Rays principal owner Stuart Sternberg announced the news Thursday.

The "sister city" plan struck out with MLB's eight-person executive council, which initially gave the team permission to explore the idea in June 2019 after attempts to build a new ballpark in the Tampa Bay area failed.

By rejecting the proposal, MLB faces the likelihood of its first potential relocation since the Montreal Expos moved to Washington and became the Nationals after the 2004 season.

The Rays lease at aging Tropicana Field in St. Petersburg, where the team has played since its inaugural season in 1998, expires after the 2027 season. Despite reaching the World Series in 2008 and 2020, the Rays have ranked near the bottom in attendance annually.

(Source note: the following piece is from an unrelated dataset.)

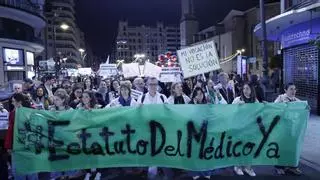 Nueva huelga médica en València en pleno colapso por la gripe
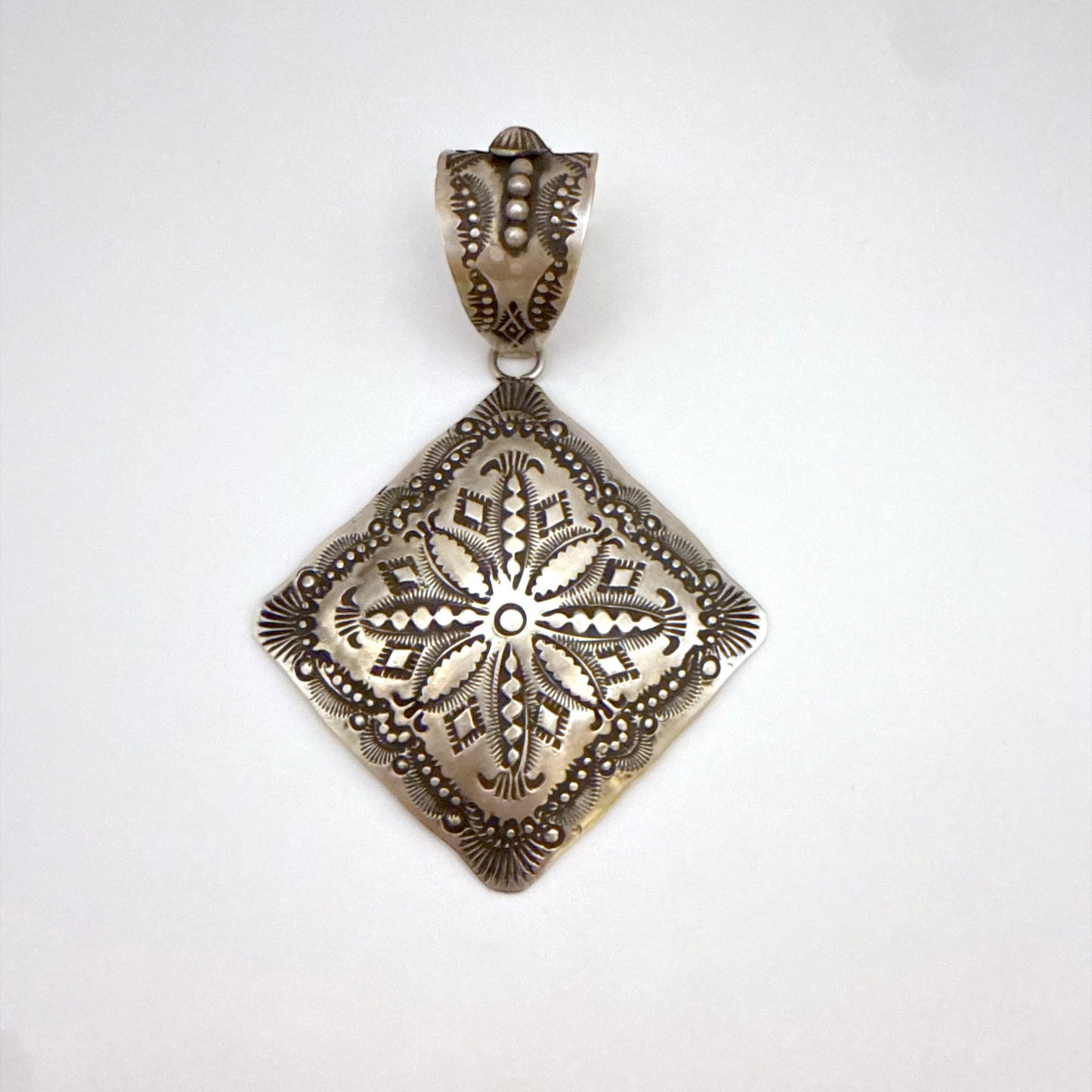 スタンプワークペンダントトップ By Vincent Platero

There is still optimism that the Rays will remain in Tampa Bay.

Sternberg said in a statement on Twitter that his "goal is -- and always has been -- for the Rays to thrive here in Tampa Bay, today and in future generations."

However, Sternberg admitted that MLB's decision was "flat-out deflating" for the organization.

Sternberg said he has no intention of selling the team and hasn't sought permission from MLB to explore full-time relocation if a new stadium can't be built, but time is of the essence to find a new home by opening day in 2028.

"We're certainly going to be exploring things in the Tampa Bay region," Sternberg said. "I've said since I've owned the team for 17 years that our goal has been to keep it here for generations and generations. We have tried in the past to build in St. Petersburg. We've tried to build full season in Tampa, as well, so the idea that it wouldn't work completely is not necessarily the way our approach has been. We felt that this ["sister city" plan] was a much better approach and something that ensured it that it would work."

The "sister city" proposal called for the construction of two new ballparks -- an open-air stadium in the Tampa Bay area and another in Montreal. The Rays would have spent spring training and the early part of the season in Tampa Bay before playing the second half of the season in Montreal, while splitting their games equally.

Team and Montreal officials made their final pitch to the MLB group during the owners meeting in November.

The Rays became Florida's second major league team, following the Florida (now Miami) Marlins.

Tropicana Field opened in 1990, five years before MLB awarded a franchise to Tampa Bay. The domed stadium was built to lure a major league team to the area and helped make Tampa Bay one of six finalists for two National League teams during MLB's 1993 expansion, but it lost out to Miami and Denver, which was awarded the Colorado Rockies.

Tampa Bay had unsuccessfully tried to lure the Chicago White Sox and Seattle Mariners, and a group of investors from the area even signed a memorandum of agreement to purchase the San Francisco Giants from then-owner Bob Lurie in 1992.

The team, which changed its name from the Devil Rays after the 2007 season, has won two American League pennants and four AL East Division titles, including each of the past two seasons, in its history.